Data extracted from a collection
--*--
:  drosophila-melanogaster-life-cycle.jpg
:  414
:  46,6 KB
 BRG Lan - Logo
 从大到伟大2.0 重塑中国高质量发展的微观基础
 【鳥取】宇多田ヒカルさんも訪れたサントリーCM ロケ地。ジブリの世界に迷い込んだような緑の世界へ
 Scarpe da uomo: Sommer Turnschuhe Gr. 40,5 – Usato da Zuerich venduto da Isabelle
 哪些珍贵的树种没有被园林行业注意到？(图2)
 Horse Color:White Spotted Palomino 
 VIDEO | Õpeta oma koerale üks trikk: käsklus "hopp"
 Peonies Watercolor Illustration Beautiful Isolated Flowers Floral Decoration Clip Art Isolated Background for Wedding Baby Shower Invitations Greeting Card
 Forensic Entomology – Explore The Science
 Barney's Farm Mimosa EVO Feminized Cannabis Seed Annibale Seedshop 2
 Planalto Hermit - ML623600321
--*--
Task>
Beginning with the line that contains "从大到伟大2.0 重塑中国高质量发展的微观基础", each line of the records above through the last one must be printed word for word.

Written response>
 从大到伟大2.0 重塑中国高质量发展的微观基础
 【鳥取】宇多田ヒカルさんも訪れたサントリーCM ロケ地。ジブリの世界に迷い込んだような緑の世界へ
 Scarpe da uomo: Sommer Turnschuhe Gr. 40,5 – Usato da Zuerich venduto da Isabelle
 哪些珍贵的树种没有被园林行业注意到？(图2)
 Horse Color:White Spotted Palomino 
 VIDEO | Õpeta oma koerale üks trikk: käsklus "hopp"
 Peonies Watercolor Illustration Beautiful Isolated Flowers Floral Decoration Clip Art Isolated Background for Wedding Baby Shower Invitations Greeting Card
 Forensic Entomology – Explore The Science
 Barney's Farm Mimosa EVO Feminized Cannabis Seed Annibale Seedshop 2
 Planalto Hermit - ML623600321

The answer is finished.